Activity -> Exactly transcribe the span of lines from the one containing "Rosey Posey - SPORTY" through the final line of the entries, inclusive, and nothing outside it. Exclude the pictures.

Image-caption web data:
****************************************

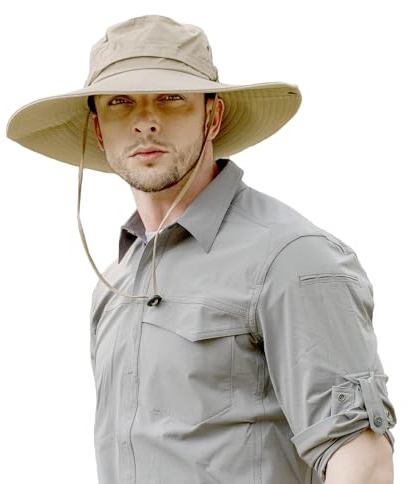 ZLYC Chapeau de Soleil à Large Bord pour Homme - Protection UV - Chapeau de Safari - Chapeau de pêche d'été, Plain Sliver Beige, Taille Unique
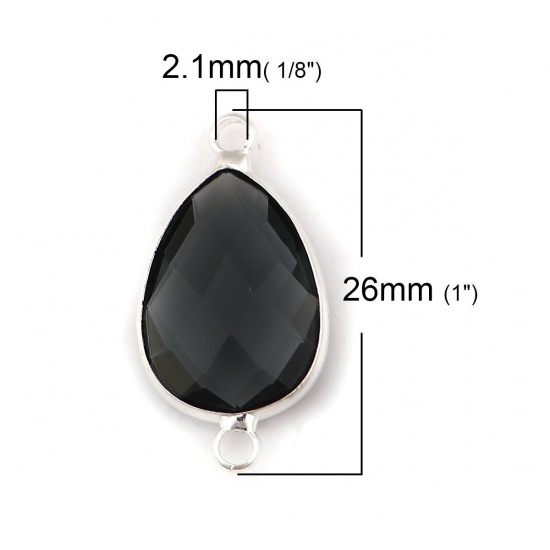 Picture of Zinc Based Alloy & Glass Connectors Drop Silver Plated Birthstone Faceted Dark Gray Rhinestone 26mm x 14mm, 5 PCs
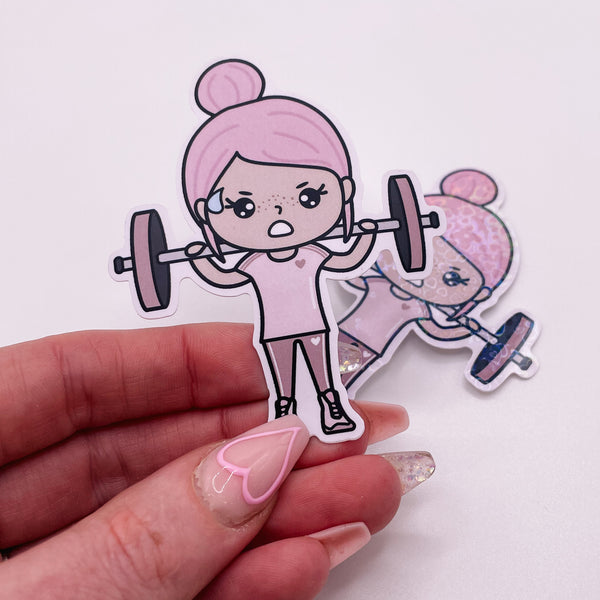 Rosey Posey - SPORTY GIRL | DIE CUT STICKER | Pink - Matte OR Heart Holo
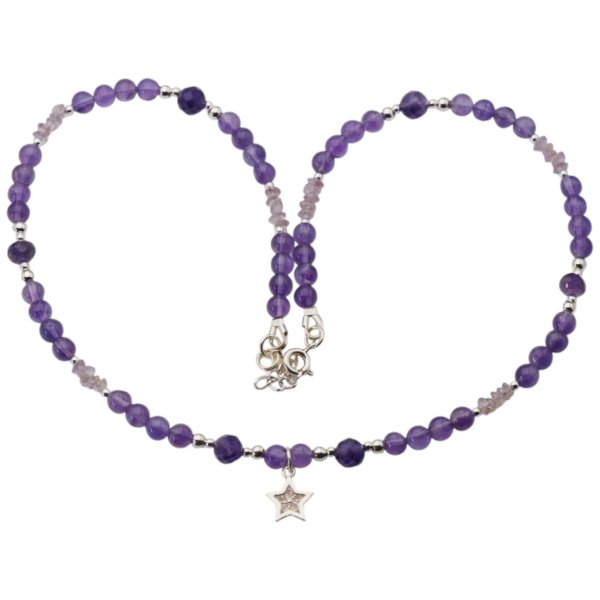 Naszyjnik z ametystem i srebrnym hematytem – gwiazda, srebro 925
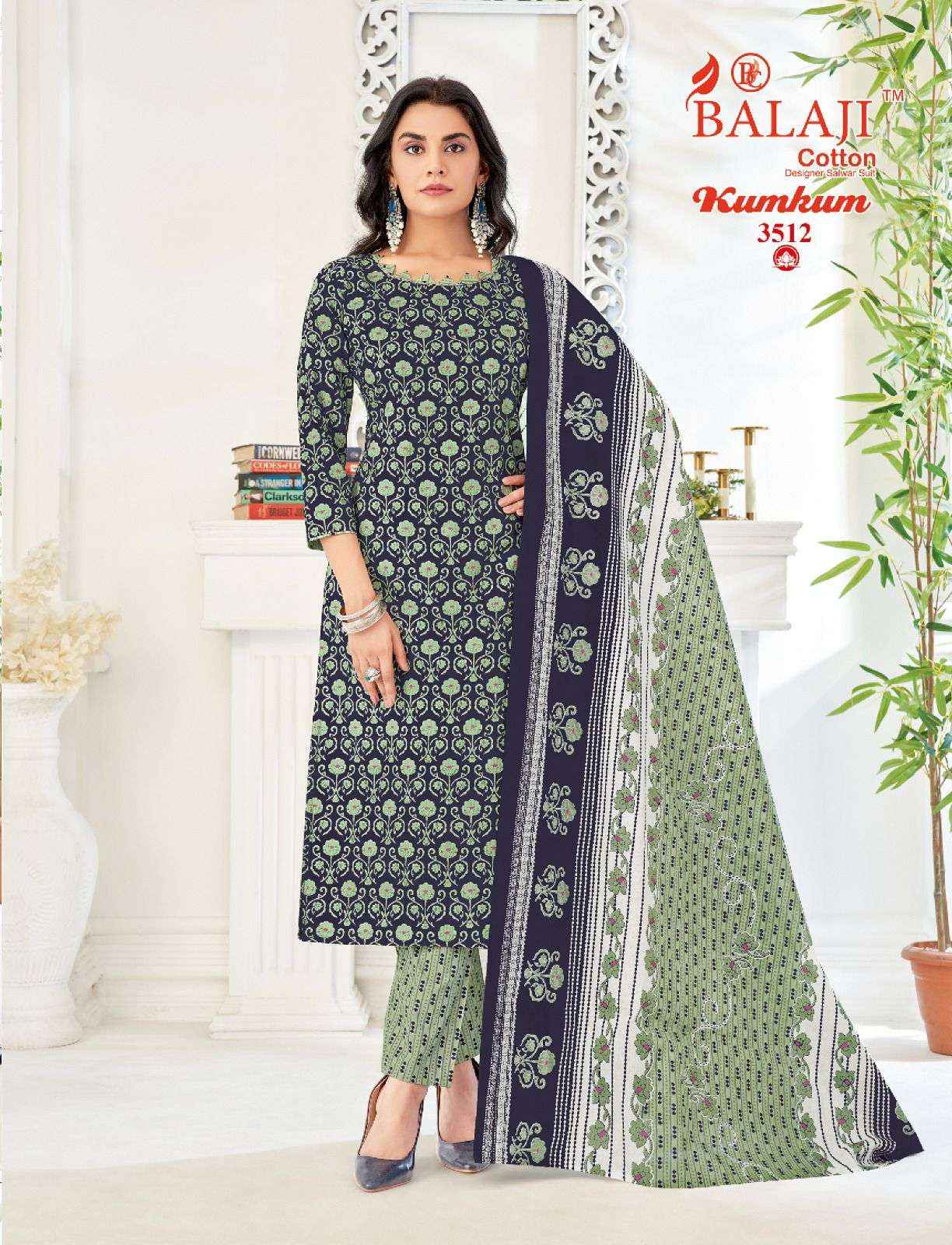 BALAJI COTTON KUMKUM VOL 35 COTTON PRINT DRESS MATERIAL ( 12 PCS CATALOG )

****************************************

Response to the task ->
 Rosey Posey - SPORTY GIRL | DIE CUT STICKER | Pink - Matte OR Heart Holo
 Naszyjnik z ametystem i srebrnym hematytem – gwiazda, srebro 925
 BALAJI COTTON KUMKUM VOL 35 COTTON PRINT DRESS MATERIAL ( 12 PCS CATALOG )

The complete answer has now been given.